WHAT THE EXERCISE ASKS:
Return, word for word, the lines of the listing below from the one with "Sarpan papaya Solo-109 ( 10gm ) 450 Seeds" through the one with "British Shorthair Cats", and no other lines.
*** Opening of THE RECORDS ***
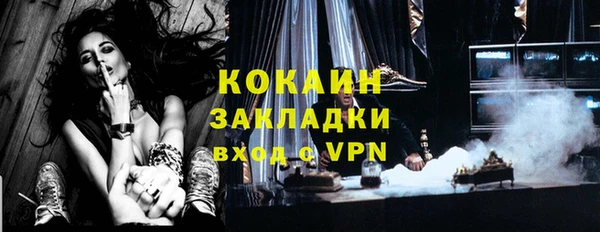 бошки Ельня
*** Close of THE RECORDS ***
*** Opening of THE RECORDS ***
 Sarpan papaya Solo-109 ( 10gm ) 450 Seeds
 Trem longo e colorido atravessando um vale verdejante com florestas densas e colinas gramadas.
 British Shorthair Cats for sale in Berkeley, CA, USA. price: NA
*** Close of THE RECORDS ***
*** Opening of THE RECORDS ***
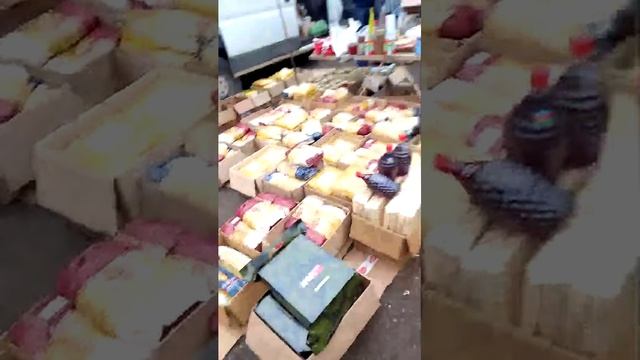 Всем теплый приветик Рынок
*** Close of THE RECORDS ***
ANSWER TO THIS TASK:
 Sarpan papaya Solo-109 ( 10gm ) 450 Seeds
 Trem longo e colorido atravessando um vale verdejante com florestas densas e colinas gramadas.
 British Shorthair Cats for sale in Berkeley, CA, USA. price: NA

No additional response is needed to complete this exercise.